Nah dari situ kemudian saya kepikiran, sekolah macam apa yang paling ideal buat anak? Saya punya aspirasi anak saya belajar banyak hal; fondasi agama, fondasi sains, bahasa, olahraga, pertemanan yang kelak akan berguna buat dia, dan masih banyak lagi. Belum lagi pemilihan sekolah harus dikalibrasi dengan faktor-faktor kehidupan lain, seperti ketersediaan biaya, jarak dengan rumah, keamanan lingkungan, dan masih banyak lagi.
Pemikiran itu yang kemudian bikin saya juga kepikiran: saya tidak mau anak saya terlalu pintar. Saya sering ketemu orang-orang yang terlalu pintar, jago membaca textbook dan menjalankan aturan berdasarkan panduan, tapi tidak punya common sense. Saya ga pengen anak saya juara di kelas, tapi saking pintarnya tidak tahu kalau sepatu rusak, ga harus beli baru. Bisa aja dibawa ke tukang sol sepatu. Atau misal tidak tahu kalau kita pakai sepatu bagus dan kondisi jalanan becek, ga harus naik mobil loh. Bisa jalan tapi sepatunya diikat dengan kantong kresek.
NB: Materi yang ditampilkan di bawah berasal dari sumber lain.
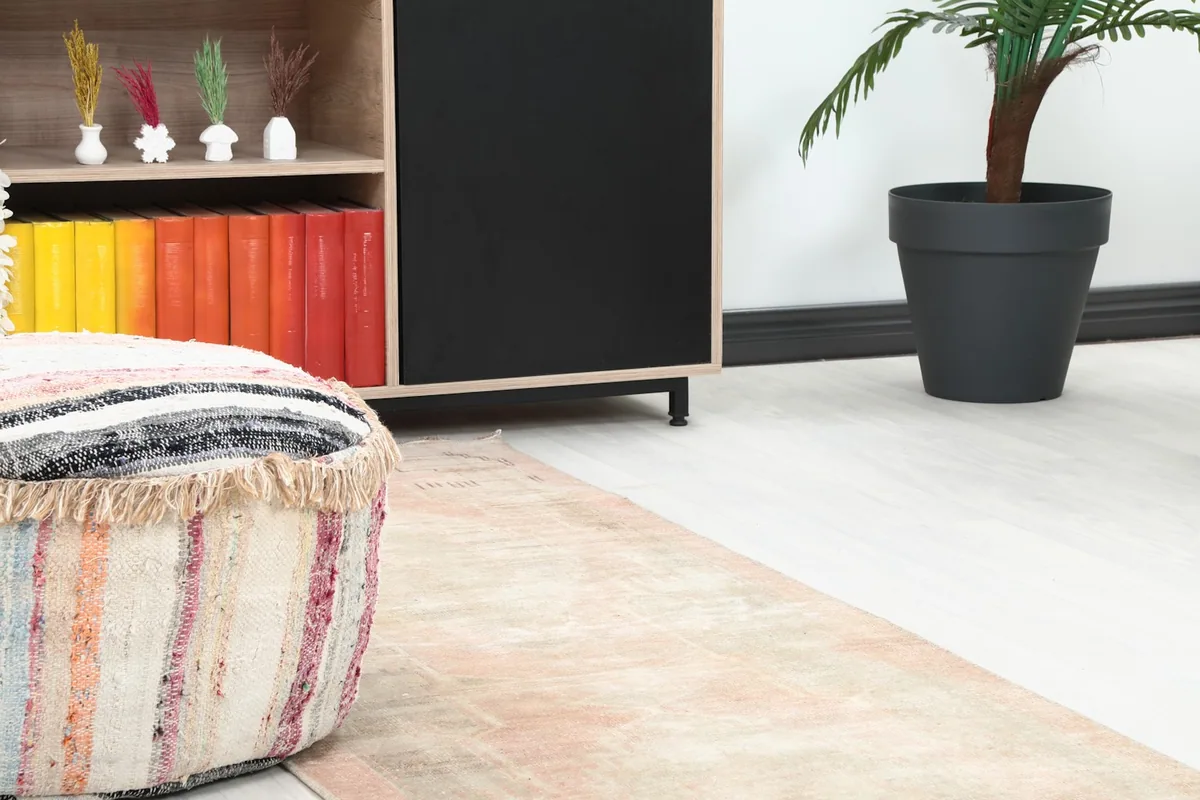 Close-up of one end of the rose and gray runner rug on the floor next to a colorful pouf and shelving.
Street smart macam ini yang saya takutkan malah tidak dimiliki kalau si anak terlalu pintar. Hehe, terlalu mengada-ngada? Bisa jadi. Tapi itu kekhawatiran real saya, karena saya punya teman-teman yang seperti itu. Karena menjadi warga kelas atas yang terbiasa serba ada, mereka jadi tidak bisa menjejak bumi dan tidak tahu realita kehidupan banyak orang. Bias kelas ini yang saya hindari sekali.
Saya belum tau jawabannya, tapi senang bisa menuliskan sedikit keresahan ini di sini.